TASK PROMPT =>
Your answer must restate the listing below word for word and contain no images.

INFORMATION SUPPLIED =>
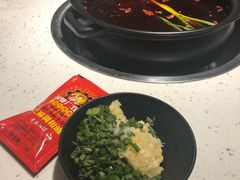 -钢管厂五区小郡肝串串香(奥克斯广场锦城万达店)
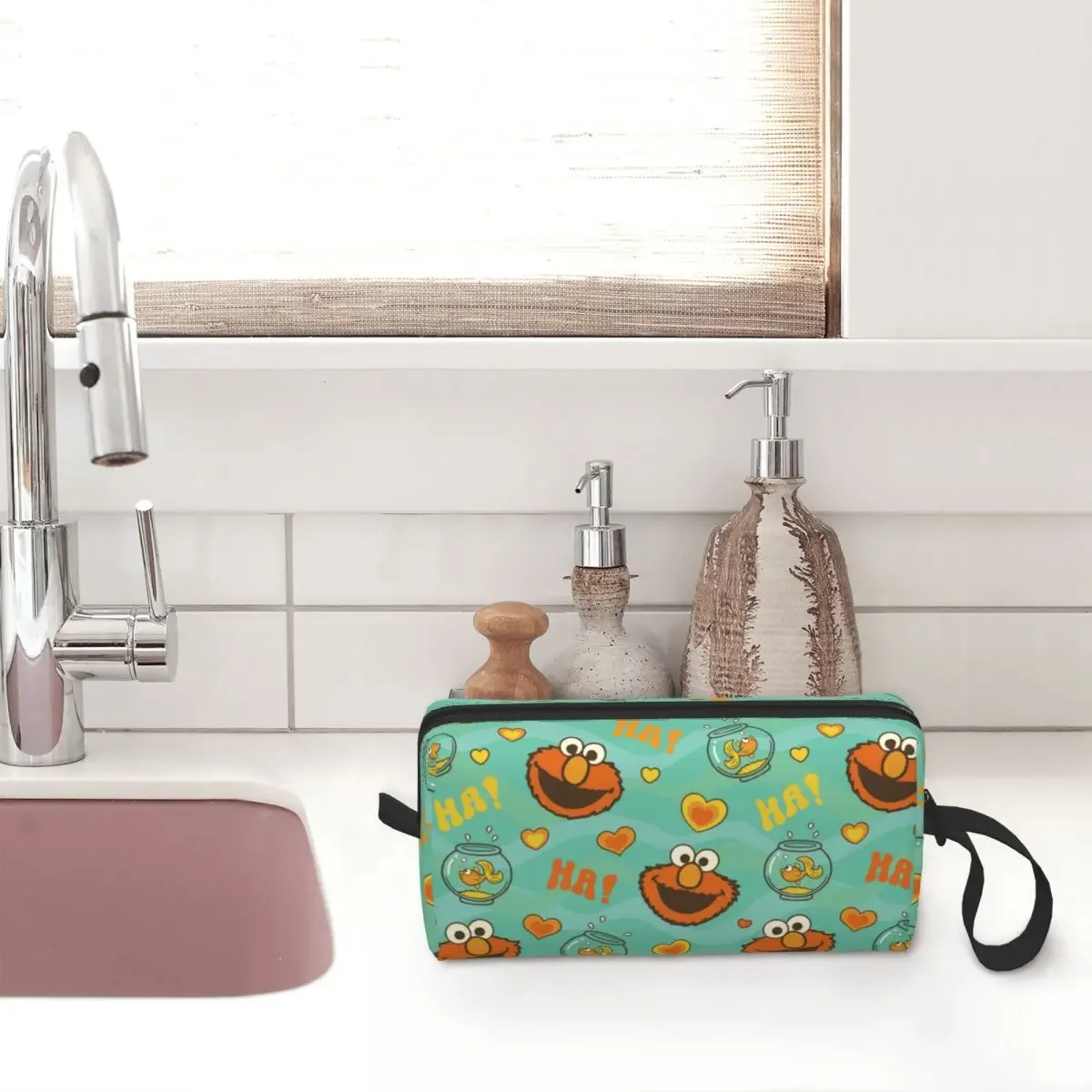 Elmo And Goldfish Pattern Cookie Cosmetic Bag for Women Makeup Bags Travel Daily Toiletry Bag Organizer Pouch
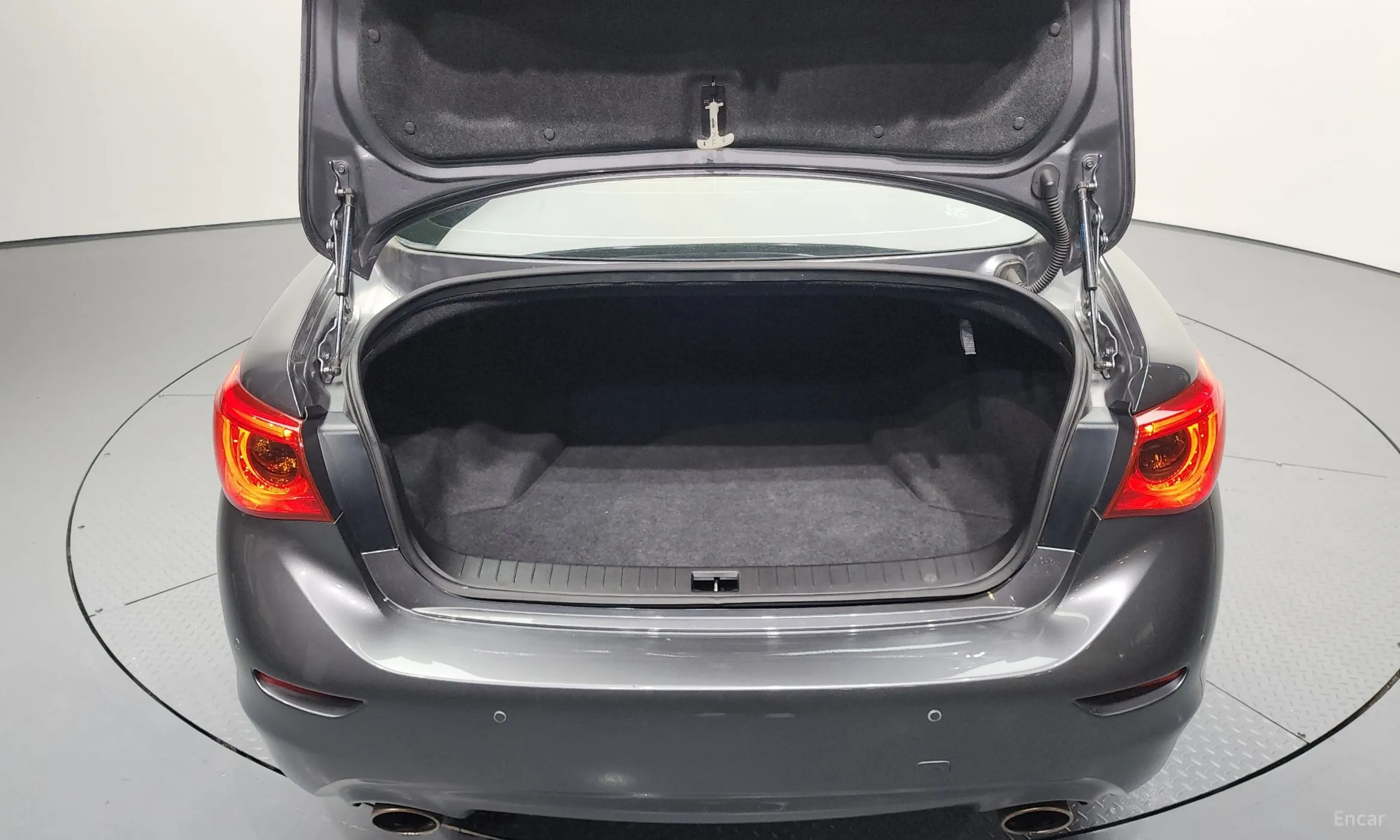 Infiniti Q50 превью 20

FINISHED EXERCISE =>
 -钢管厂五区小郡肝串串香(奥克斯广场锦城万达店)
 Elmo And Goldfish Pattern Cookie Cosmetic Bag for Women Makeup Bags Travel Daily Toiletry Bag Organizer Pouch
 Infiniti Q50 превью 20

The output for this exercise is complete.